Vanessa Crone (born October 29, 1990) is a Canadian former competitive ice dancer. She skated with Paul Poirier from 2001 to 2011, becoming the 2010 Grand Prix Final bronze medallist, 2011 Four Continents bronze medallist, 2008 World Junior silver medallist, and 2011 Canadian national champion.

Personal life 
Vanessa Crone was born on October 29, 1990, in Aurora, Ontario. She competed in track and field in addition to figure skating.

Career 
Early in her career, Crone also competed in single skating, and pair skating with Poirier. She and Poirier began skating together in May 2001. They won the silver medal at the 2008 World Junior Championships.

Crone and Poirier won silver at 2008 Skate Canada, their first senior Grand Prix event, and placed fourth in their second event. The next season they claimed the bronze at 2009 NHK Trophy. At the 2010 Canadian Championships, they were nominated to represent Canada at the 2010 Winter Olympics. They finished 7th at the 2010 World Championships.

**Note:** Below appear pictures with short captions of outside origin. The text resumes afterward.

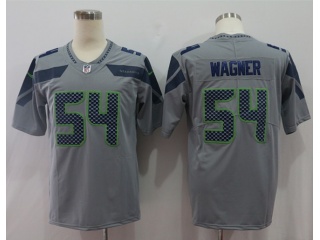 Seattle Seahawks 54 Bobby Wagner Vapor Limited Jersey Gray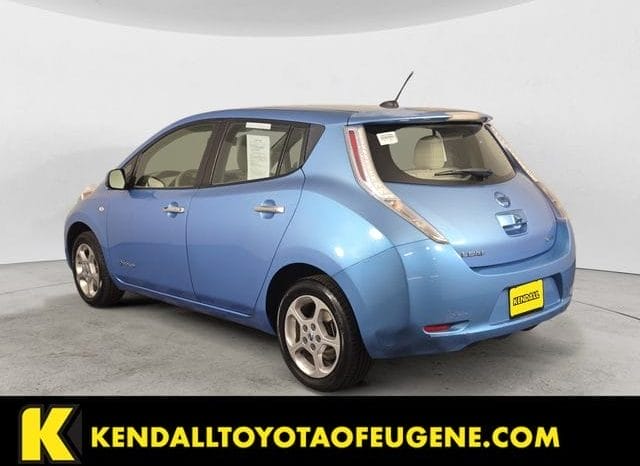 Used 2011 Nissan Leaf SL 4D Hatchback – JN1AZ0CP3BT005295 full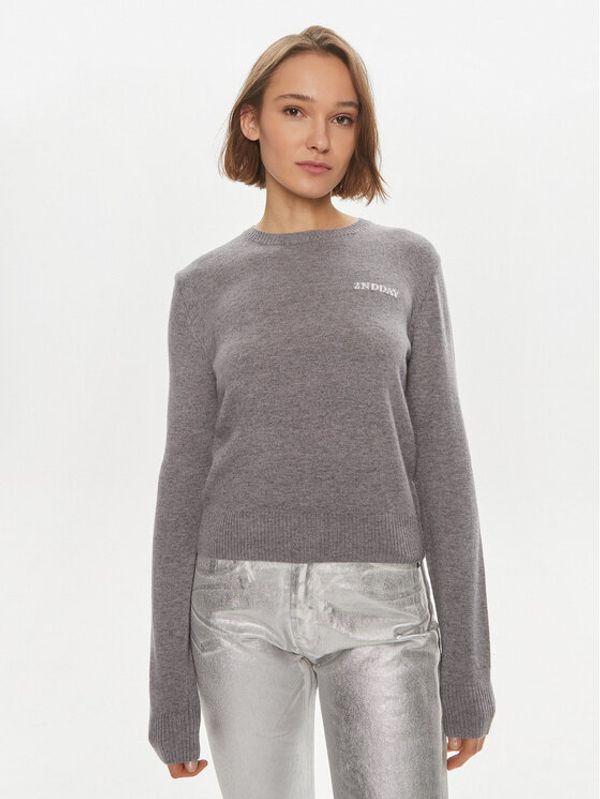 2NDDAY 2NDDAY Pulover Lance 2000340408 Siva Regular Fit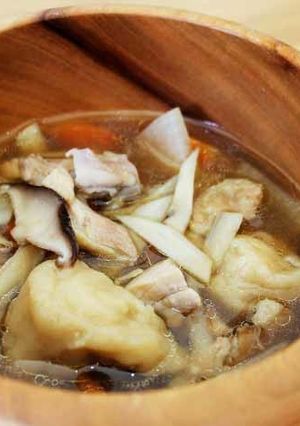 新富町産小麦のモチモチだご汁-レシピのメイン写真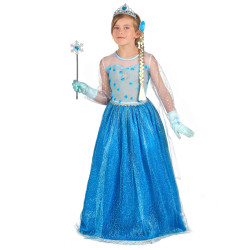 Déguisement et accessoires de princesse des glaces bleue fille Jadeo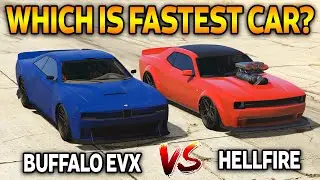 Buffalo EVX vs. Hellfire - Which is Fastest? GTA 5 Online Speed Test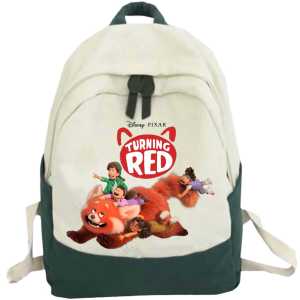 Tas Sekolah Ransel Anak Perempuan Laki Laki Waterproof Custom Nama Free Name Karakter Turning Red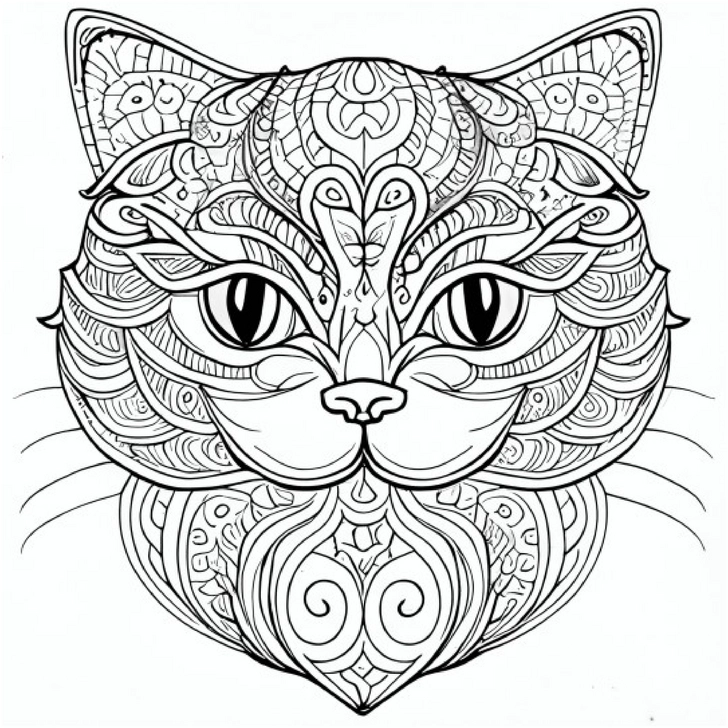 malvorlage-katze-mystisch-ornamentale-muster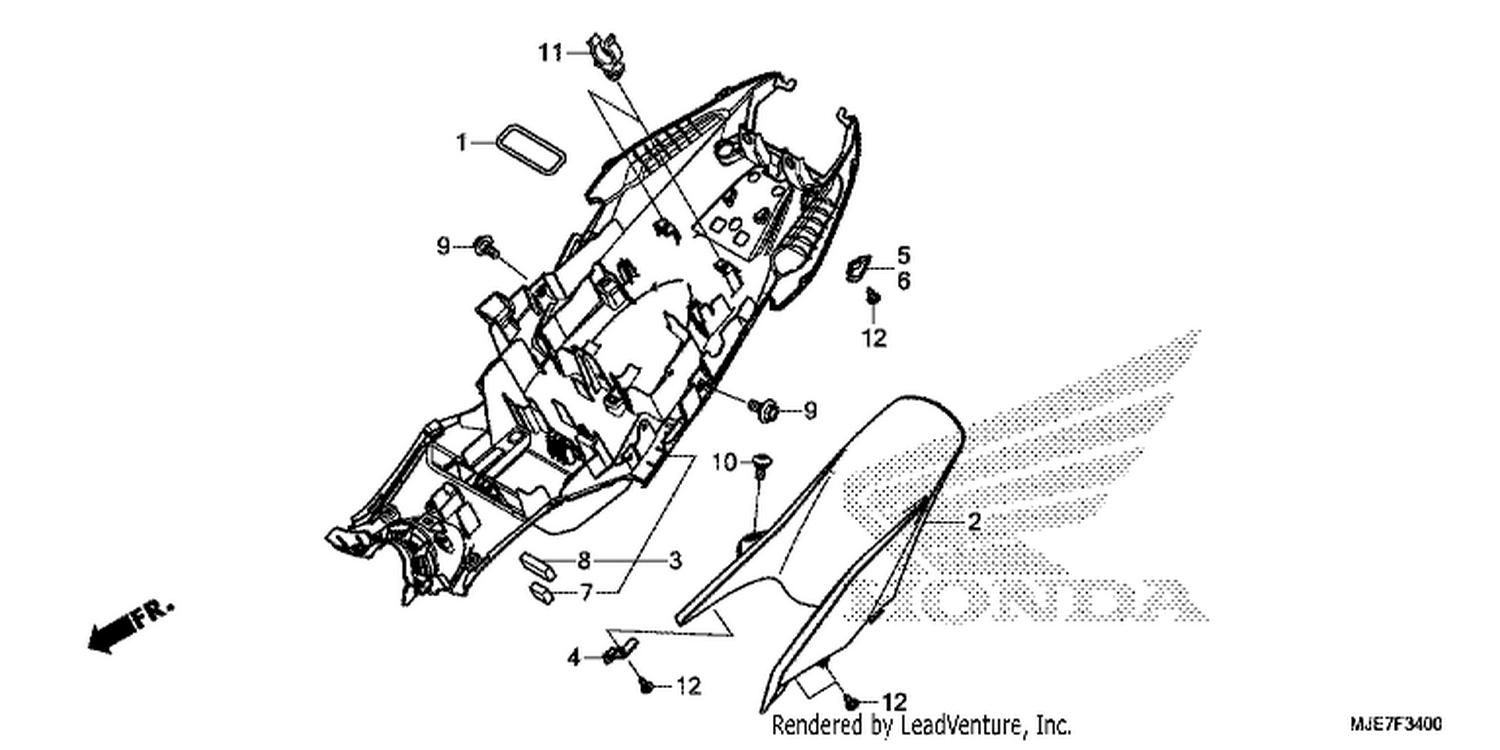  REAR FENDER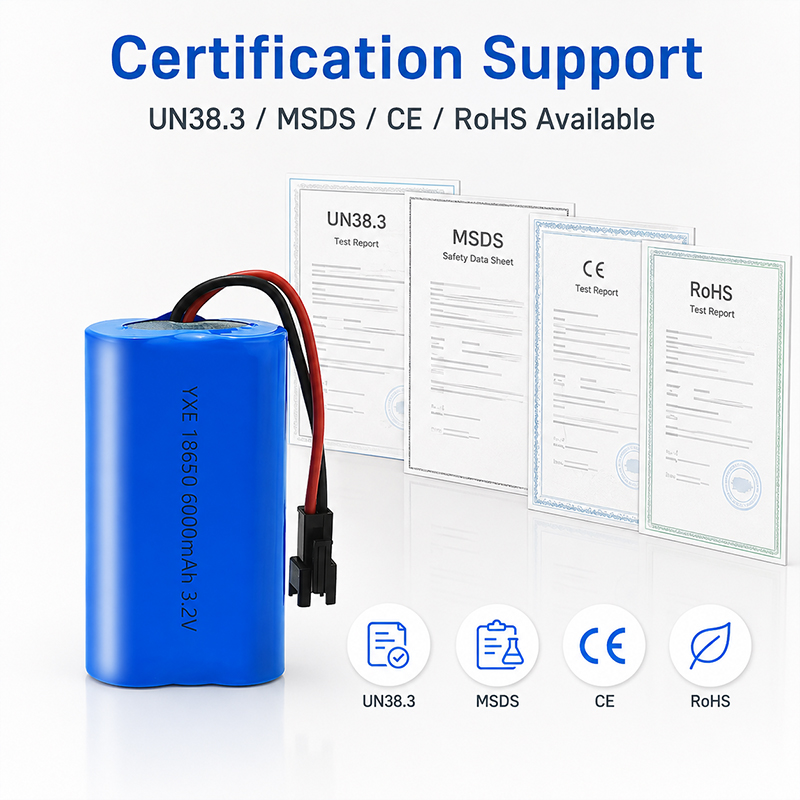 3.2V 6000mAh lithium battery pack
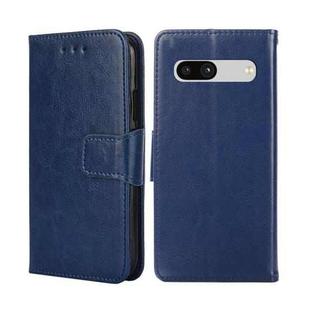 For Google Pixel 7a Crystal Texture Leather Phone Case(Royal Blue)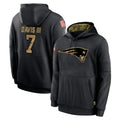 NE.Patriots #7 Carlton Davis III Player Black Salute to Service Hoodies Limited Game Ldoa Stitched Jerseys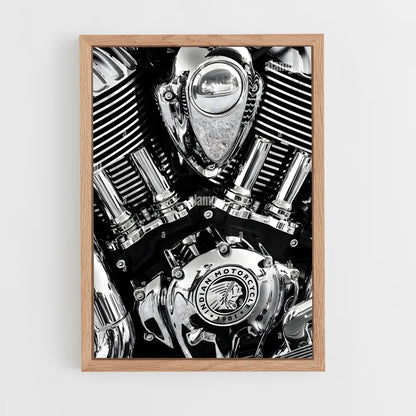 indian-motorcycle-9 cadre Bois clair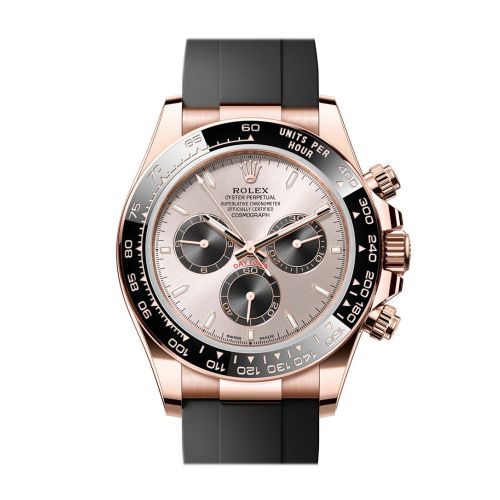 Rolex Daytona 40 Sundust and Bright Black Dial Rose Gold Mens Watch 126515LN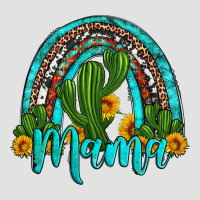 Western Cactus And Sunflower Mama Rainbow Premium Hoodie | Teevron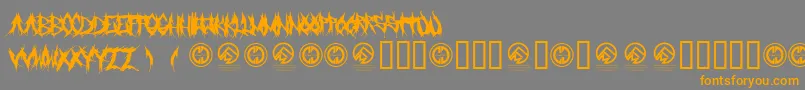 Grindmafia Font – Orange Fonts on Gray Background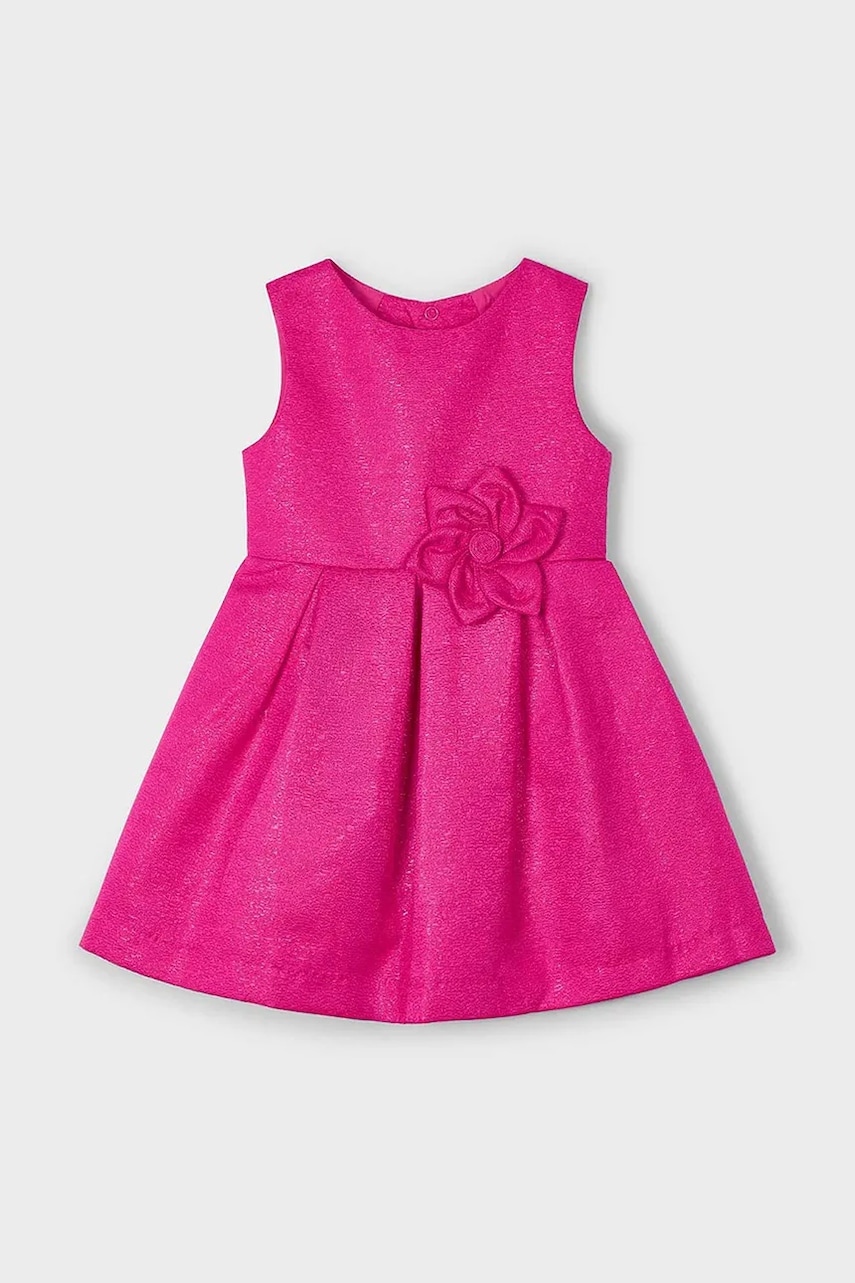 Детское платье Mayoral цвет розовый mini расклешённое 3919 Детское платье Mayoral цвет розовый mini расклешённое 3919
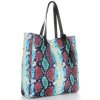 GEANȚĂ DE DAMĂ shopper bag Vittoria Gotti turcoaz V0002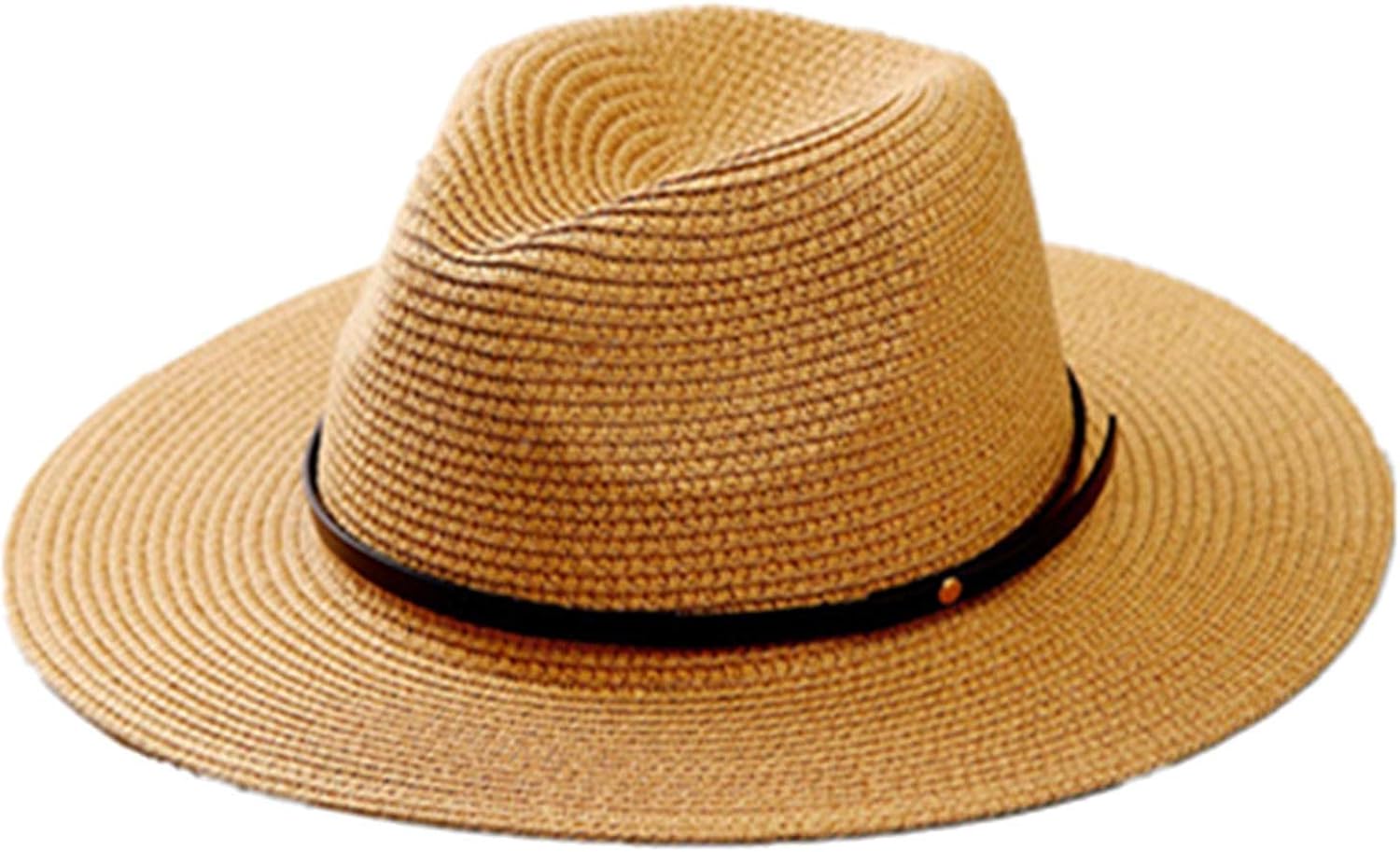 Strohhut Damen & Herren - Sonnenschutz Jazz Hut Für Sommer Und Strand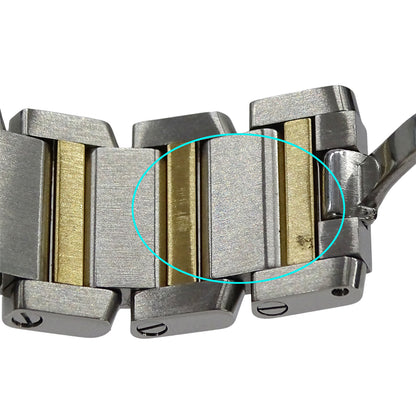 Cartier カルティエ タンクフランセーズ SM W51007Q4 レディース 腕時計 クオーツ QZ SS YG 磨き済み【中古】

Crone and Poirier began the 2010–2011 season by capturing gold at 2010 Skate Canada International ahead of Sinead Kerr and John Kerr who had a fall in the free dance. At 2010 Skate America, Poirier fell in the free dance but their score was enough for the silver behind Meryl Davis and Charlie White, both of whom fell, and ahead of Maia Shibutani and Alex Shibutani with no falls. Their results qualified them for the 2010–2011 Grand Prix Final where they won the bronze medal. They finished 10th at the 2011 World Championships.

On June 2, 2011, Crone and Poirier announced the end of their ten-year partnership. Crone confirmed she would like to continue competing and was looking for a new partner.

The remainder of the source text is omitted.